Steve Weisman is a lawyer, college professor, author, and one of the country’s leading experts in cybersecurity, identity theft, and scams. See Steve’s other Con Watch articles.
Ring brand cameras are a popular home security device; however, they have recently received negative attention due to reports of the cameras being hacked. For instance, Ashley LeMay installed two Ring cameras last November to monitor her children while she worked. Surreal video footage of a hacker speaking to LeMay’s daughter has appeared throughout the media coverage of the incident. Now LeMay and others have filed lawsuits against Ring alleging that Ring products have defective security.
It’s not as bad as you think. It’s far worse.
As disturbing as this story is, the potential problems brought about by hacking security cameras or other home Internet-of-Things devices are far more worrisome. In many instances, if a hacker is able to gain access to one device that is part of the home’s WiFi network, they could also gain access to other connected devices, such as a computer containing personal financial information or, if the victim works from home, even corporate files.
In the case of many of the victims of Ring and other security camera hackings the problem does not appear to have been a flaw in the Ring security cameras, but most likely can be attributed to consumers failing to change the default password with which the Ring camera or other device came. These default passwords are readily available to hackers on the Dark Web.
Many hackers search the Internet for unsecured web cameras and baby monitors; if the factory setting username and password have not been changed, they gain easy access to these cameras.
Hackers have published the usernames and passwords of thousands of users of Ring cameras on the Dark Web, that part of the Internet where cybercriminals buy and sell goods and services.
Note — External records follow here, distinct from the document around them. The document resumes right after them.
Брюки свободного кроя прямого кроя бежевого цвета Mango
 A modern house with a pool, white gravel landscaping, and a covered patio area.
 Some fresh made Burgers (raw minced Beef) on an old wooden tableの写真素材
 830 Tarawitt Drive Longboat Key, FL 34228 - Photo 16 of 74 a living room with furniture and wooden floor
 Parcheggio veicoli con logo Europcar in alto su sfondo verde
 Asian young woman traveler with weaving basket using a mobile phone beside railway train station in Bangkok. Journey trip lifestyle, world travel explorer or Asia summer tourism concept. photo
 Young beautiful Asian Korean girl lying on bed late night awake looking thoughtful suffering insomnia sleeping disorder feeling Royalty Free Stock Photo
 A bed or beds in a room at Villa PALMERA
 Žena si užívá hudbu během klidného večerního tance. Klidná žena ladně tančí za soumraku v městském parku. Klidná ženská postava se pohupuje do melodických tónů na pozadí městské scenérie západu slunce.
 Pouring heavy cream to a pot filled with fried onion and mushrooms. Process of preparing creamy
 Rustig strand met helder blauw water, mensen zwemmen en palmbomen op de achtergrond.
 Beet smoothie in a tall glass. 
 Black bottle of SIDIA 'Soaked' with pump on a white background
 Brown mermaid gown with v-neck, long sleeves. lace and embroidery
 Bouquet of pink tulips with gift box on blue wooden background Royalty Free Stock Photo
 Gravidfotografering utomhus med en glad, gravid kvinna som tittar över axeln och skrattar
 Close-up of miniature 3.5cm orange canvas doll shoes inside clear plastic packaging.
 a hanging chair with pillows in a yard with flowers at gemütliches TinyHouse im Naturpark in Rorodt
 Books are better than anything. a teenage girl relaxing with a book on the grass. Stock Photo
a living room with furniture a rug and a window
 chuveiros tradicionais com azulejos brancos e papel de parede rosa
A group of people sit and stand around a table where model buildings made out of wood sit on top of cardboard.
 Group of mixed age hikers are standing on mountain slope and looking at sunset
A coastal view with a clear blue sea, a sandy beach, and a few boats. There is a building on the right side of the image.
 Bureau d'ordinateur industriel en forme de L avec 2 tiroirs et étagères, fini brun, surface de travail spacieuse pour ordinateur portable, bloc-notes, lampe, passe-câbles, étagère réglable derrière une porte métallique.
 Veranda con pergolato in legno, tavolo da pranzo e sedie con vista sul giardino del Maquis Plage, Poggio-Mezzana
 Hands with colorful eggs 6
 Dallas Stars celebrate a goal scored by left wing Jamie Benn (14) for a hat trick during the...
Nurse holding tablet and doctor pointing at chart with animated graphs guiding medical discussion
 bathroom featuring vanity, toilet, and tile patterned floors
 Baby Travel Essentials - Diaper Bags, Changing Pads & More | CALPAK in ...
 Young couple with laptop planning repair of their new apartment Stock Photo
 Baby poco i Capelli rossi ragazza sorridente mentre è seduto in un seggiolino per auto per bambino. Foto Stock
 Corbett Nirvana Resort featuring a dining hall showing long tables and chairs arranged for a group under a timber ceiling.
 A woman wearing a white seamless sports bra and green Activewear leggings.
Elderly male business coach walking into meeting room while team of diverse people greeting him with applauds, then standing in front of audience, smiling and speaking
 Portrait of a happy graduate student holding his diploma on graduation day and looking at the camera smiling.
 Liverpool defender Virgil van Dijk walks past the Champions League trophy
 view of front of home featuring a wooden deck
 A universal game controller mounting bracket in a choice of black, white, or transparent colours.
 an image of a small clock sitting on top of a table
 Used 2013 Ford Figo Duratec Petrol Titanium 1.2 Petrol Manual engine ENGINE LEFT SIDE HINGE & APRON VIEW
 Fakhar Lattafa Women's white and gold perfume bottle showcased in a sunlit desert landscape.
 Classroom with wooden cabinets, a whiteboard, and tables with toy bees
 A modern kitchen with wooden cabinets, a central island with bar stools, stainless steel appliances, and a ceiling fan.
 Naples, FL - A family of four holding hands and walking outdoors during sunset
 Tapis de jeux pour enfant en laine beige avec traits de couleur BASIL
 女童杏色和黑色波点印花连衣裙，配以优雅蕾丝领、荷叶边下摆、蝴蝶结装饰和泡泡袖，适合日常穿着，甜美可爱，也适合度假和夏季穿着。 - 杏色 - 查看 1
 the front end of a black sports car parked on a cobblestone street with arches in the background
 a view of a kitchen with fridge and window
These usernames and passwords appear largely to have been obtained through data breaches. Compounding the problem is that many people make the mistake of using the same username and password for all of their accounts, putting all of their accounts in jeopardy.
How to Secure Your Ring Camera
- If you have a Ring camera, baby monitor, or home security camera, make sure that the camera and software are updated with the latest security software from the manufacturer.
- Make sure that your router, which connects all of your home devices to the Internet, is password protected and that you change the username and default password for each of your Internet-of-Things
- Don’t use the same password for all of your accounts. If one company suffers a data breach in which the hacked passwords became available to cybercriminals, then all of your accounts become vulnerable. You should have a unique, strong password for each of your online accounts.
Creating and remembering strong, unique passwords for each of your accounts is not as difficult as it may appear. You can start with a strong base password constructed from a phrase, such as IDon’tLikePasswords. Add a few symbols like !!! and then adapt it for each account you have so that you will have a secure and easy to remember password for each of your online accounts. Thus, your Ring password could be IDon’tLikePasswords!!!RING. Alternatively, you can also use one of the many password managers, such a Dashlane, Avira and Kaspersky that will generate and store secure passwords for you.
- Use dual factor authentication, which is where the company sends a one-time code to your cell phone that must be used to access your account. Even if a hacker has your password , they would not be able to access your account. Ring offers the option to use dual factor authentication. In response to these increasing incidents of Ring cameras being hacked, Ring has stated that it will soon be making dual factor authentication the default setting on all of its new devices rather than merely offering it as an option.